# Fireplace Xtraordinair thermostat location for mod



## Fahrenheit451 (Jan 15, 2012)

I have 44 Elite by Fireplace Xtraordinair.  

It really takes a roaring fire to get the built in t-stat to kick on the fan unit.  I have considered possibly installing a bypass switch but I don't want it to run after the fire dies down in the middle of the night.

I am looking to relocate t-stat to another spot that heats up quicker.  

Have any of you done this?  Heard of any typical mods?

Perhaps something can be adjusted on this T-stat?

Or replace it with a t-stat that has a lower setting...

Anyhow, do you know where I might find the existing T-stat?  Is it near the fan speed knob?

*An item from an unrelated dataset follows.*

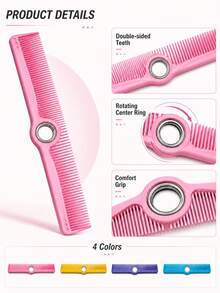 1pc Rotating Bearing Hairdressing Comb With Double-Sided Dense And Sparse Teeth, Anti-Slip And Durable Plastic Hairdressing Tool, Suitable For Home And Salon Use, Anti-Static And Non-Tugging Hair Comb, For Sectioning And Trimming Bangs And Long Hair, Portable Double-Sided Design, Professional Hairdresser Hair Cutting Comb, Suitable For Combing Hair And Salon Styling Tool - Multicolor - View 3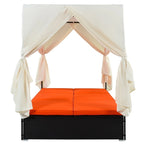 Adjustable Outdoor Patio Wicker Sunbed Daybed w/Cushions,Canopy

Any thoughts on this appreciated.  Thanks.


----------



## sticks (Jan 15, 2012)

You might check with your dealer I think they have Tstat with a lower start temp. THe summer switch would be an easy way to use the blower manually but be careful. Burning so lo low that the blower doesnt come on automatically may produce creosoteby not burning hot enough to fire off the cat.


----------



## Woodrow (Jan 15, 2012)

I was just looking at the installation manual for the FPX 36 Elite and it has a procedure for checking the thermocouple that switches the fan on. You remove the right front fire brick, depress the door switch and apply a propane torch to the temp sensor metal plate. Fan should kick on within 30-60 sec.  Obviously make sure a qualified tech does it for you, but it might be a quick test to make sure it's working ok before moving it.


----------



## FPX Dude (Jan 15, 2012)

T-stat located on the right side kinda behind the first/second bricks.  Move them apart a little bit so it's not behind the bricks and more exposed directly in the box.   My buddies hit it with a propane torch to help heat up, i don't though.   So if from a cold start and with proper kindlin i can get it to start in ~25-30mins. at most, the key is a quick hot fire, make sure lots of good small-medium wood and get it blazen, then when burn down go for your first good load!


----------



## scojen (Jan 15, 2012)

during a cold start, I usually place alot of kindling right in front of the right fire brick and start it from there, so that my fan kicks on sooner.


----------



## Fahrenheit451 (Jan 16, 2012)

I slid that rightmost fire brick over two inches and it has helped the fan to kick on sooner and more frequently.

Thanks for the suggestion.

However, it still seems to me that it really does not stay on nearly enough.  With the good bed of hot coals and fire burning in there, I would think the fan would stay on the whole time.

Perhaps the very cold outdoor temps are screwing with it.  It has been single digits outside the last couple days.  So perhaps that cold air blowing across the steel is cooling it too much.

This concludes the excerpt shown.